I to agree with the fact that if the child has a known potential to be
celiac, one must give that child a fighting chance to thrive in the early
years, therefore keeping them gluten free.

I am not a medical person just the mom of a celiac child who suffered thru 7
mths of "hell" prior to diagnosis.  As he was only 14 mths old when the
signs started showing he wasn't talking much, just a few words, but he was
developmentally on track with all other children in mental aspect and
further ahead in the physical aspect.

Physically he 1) lost weight, 2) lost muscle tone, 3) quit growing, all the
classic symptoms.  He started walking at 6 mths, climbing over his baby
gates at 9 mths to being carried most of the time at 22 mths.  Mentally I
feel that his brain starved along with his body.  The sicker he got the
worse he spoke until at 22 mths when diagnosed we was just grunting and
pointing.
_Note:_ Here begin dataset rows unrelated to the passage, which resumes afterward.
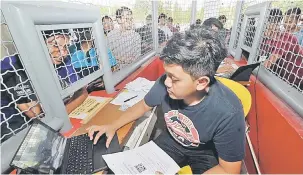  ?? — Gambar Bernama ?? SEMAK: Seorang petugas membuat pemeriksaa­n ke atas penyokong Terengganu dan Perak yang beratur bagi menebus tiket Perlawanan Akhir Piala Malaysia 2018 yang dibeli secara dalam talian di Stadium Shah Alam, semalam.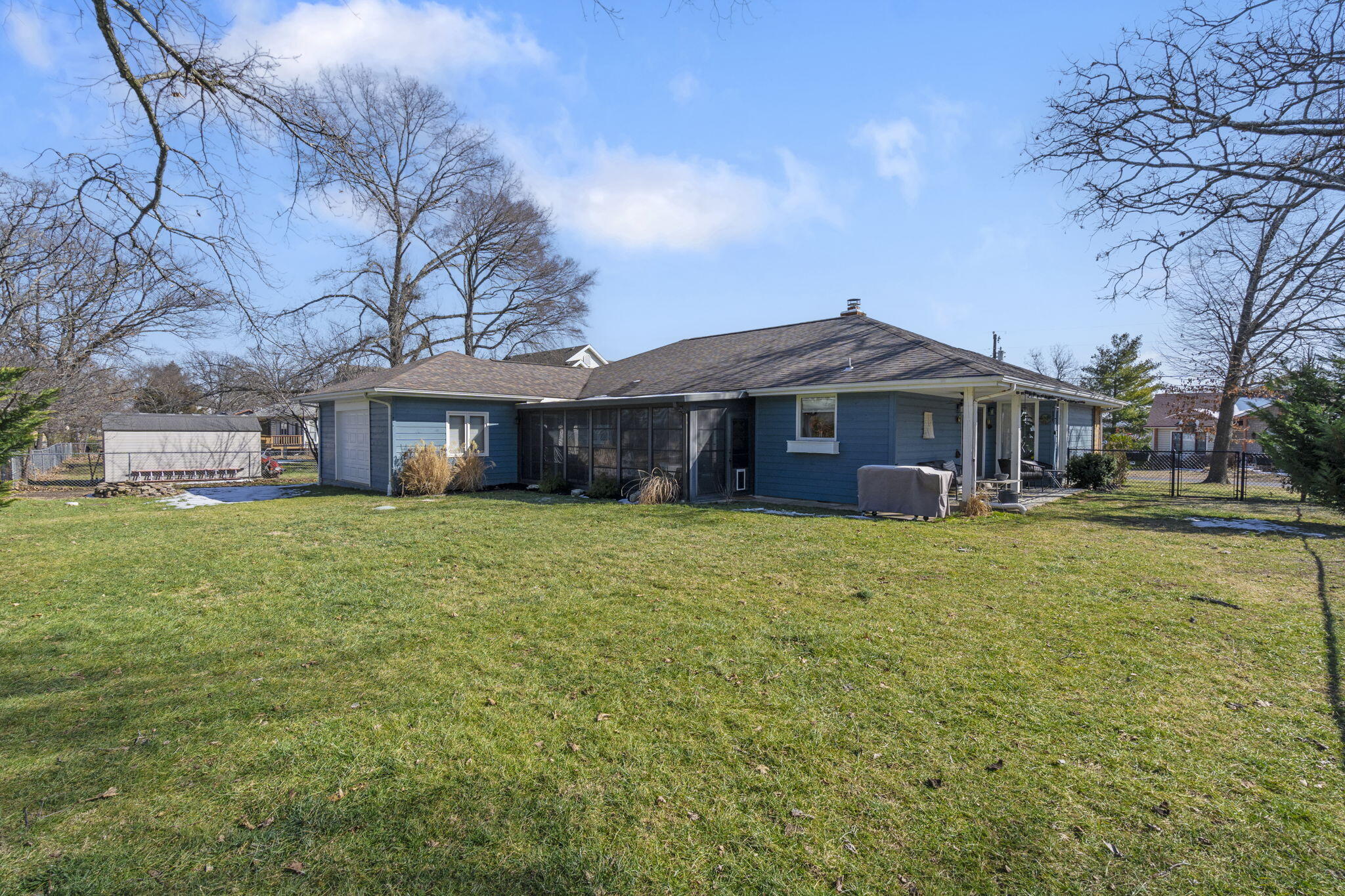 174 Lakeshore Drive South Property Photo 37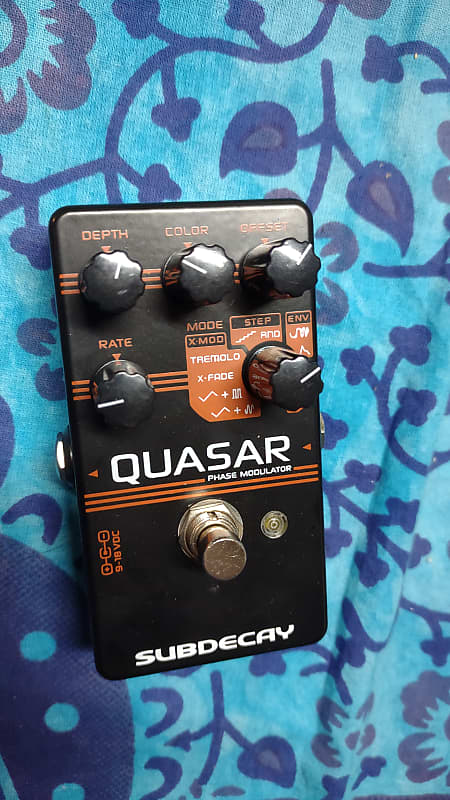 Subdecay Quasar Phaser Filter Tremolo v4 2023 - Black and Orange 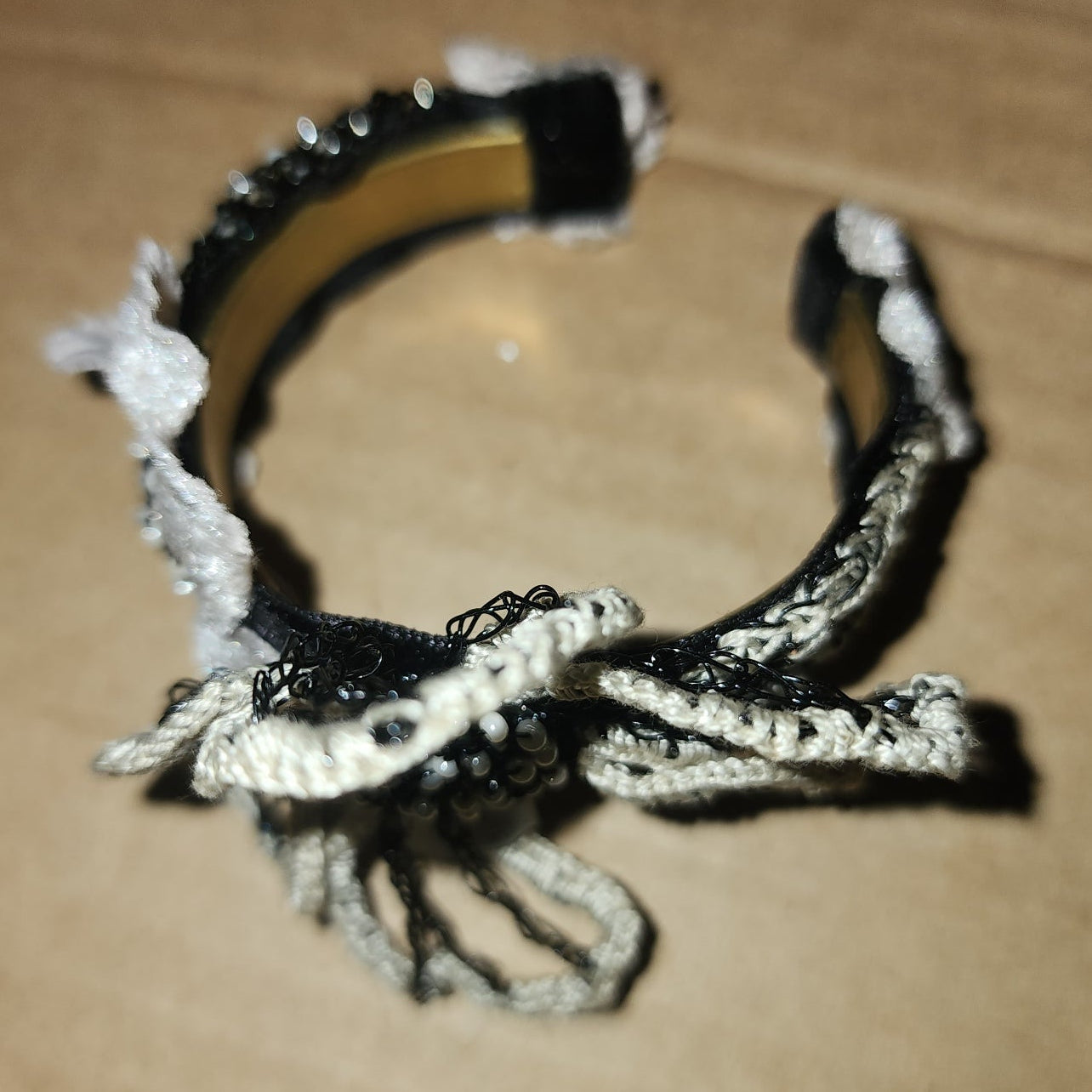 Black&Cream crocheted flower bangle (adjustable)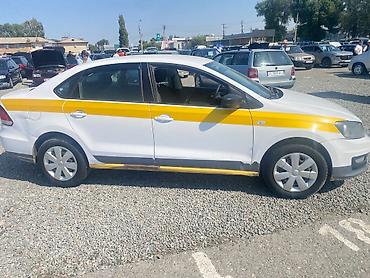 авто полотка: Volkswagen Polo: 2018 г., 1.6 л, Механика, Бензин, Седан — 5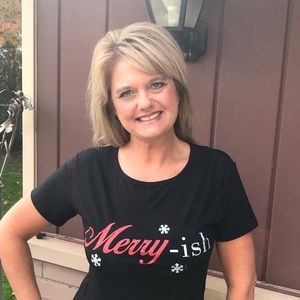 Black Merry ish Christmas Round Neck Short Sleeve Women’s T Shirt L/XL New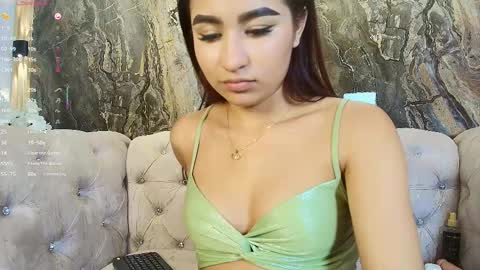  Zayda  online show from 03.04.25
Physically he rebounded on the diet to a full recovery but he is
now in speech therapy (second year pre-school), will be 5 in June and going
to Kindergarten in the fall.  The speech therapist says that it will take
3-4 years to fix his speech problem.  His speech is not ready for
kindergarten but intellectually he cannot be held back.  He has been tested
and lies in the 5% of children in the superior intellectual range.  The
tester said the results could have been different if he understood Cody better.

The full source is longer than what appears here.